Jean Yarbrough (August 22, 1901–August 2, 1975) was an American film director.
He was born in Marianna, the seat of Lee County in southeastern Arkansas. After attending the University of the South in Sewanee, Tennessee, he entered the film business in 1922, first as a propman, but he steadily rose in the ranks to assistant director. Beginning with 1936, he was a bona fide director, first doing comedy and musical shorts for RKO, but in 1938 he graduated to directing features, his first being Rebellious Daughters for the low-budget Progressive Pictures. His greatest success came in the 1940s, when he directed films that are even today fondly remembered such as The Devil Bat, King of the Zombies, She-Wolf of London, and a number of Abbott and Costello and Bowery Boys comedies.
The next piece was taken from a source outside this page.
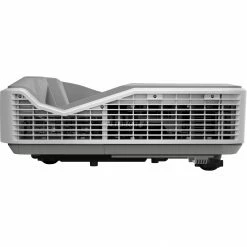 3D-Beamer Optoma ZU500USTe, DLP-Beamer (weiß, WUXGA, 3D, IPX5) -Beamer Zubehör Verkaufsladen Optoma ZU500USTe DLP Beamer@@1822907 2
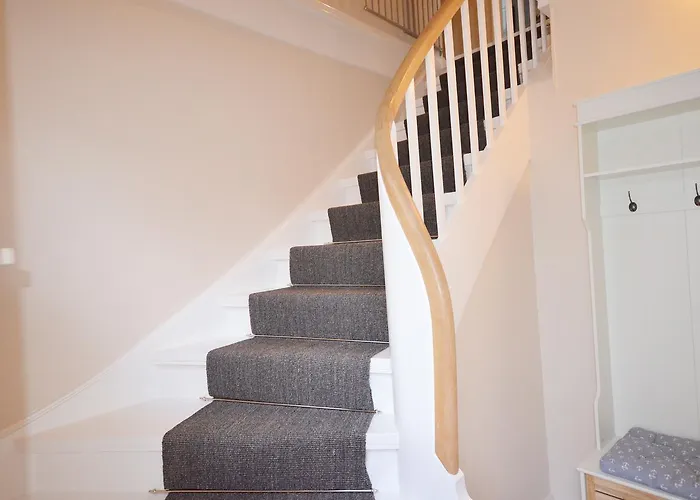 Ostseehaus Dreesen Timmendorfer Strand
In the 1950s, when the traditional B-movie was on the decline, he had few problems switching to television and directed episodes for many series throughout the 1950s and 1960s, and had a two-year stint including producing and directing The Abbott and Costello Show. He directed some episodes of The Silent Service and Navy Log, two 1950s military dramas based on true stories of the United States Navy. He also subsequently directed episodes of Walter Brennan's western series, The Guns of Will Sonnett.
Yarbrough's last theatrical film was 1967's Hillbillys in a Haunted House, a poor mixture of low comedy, horror and country music and a sad swan song to his career.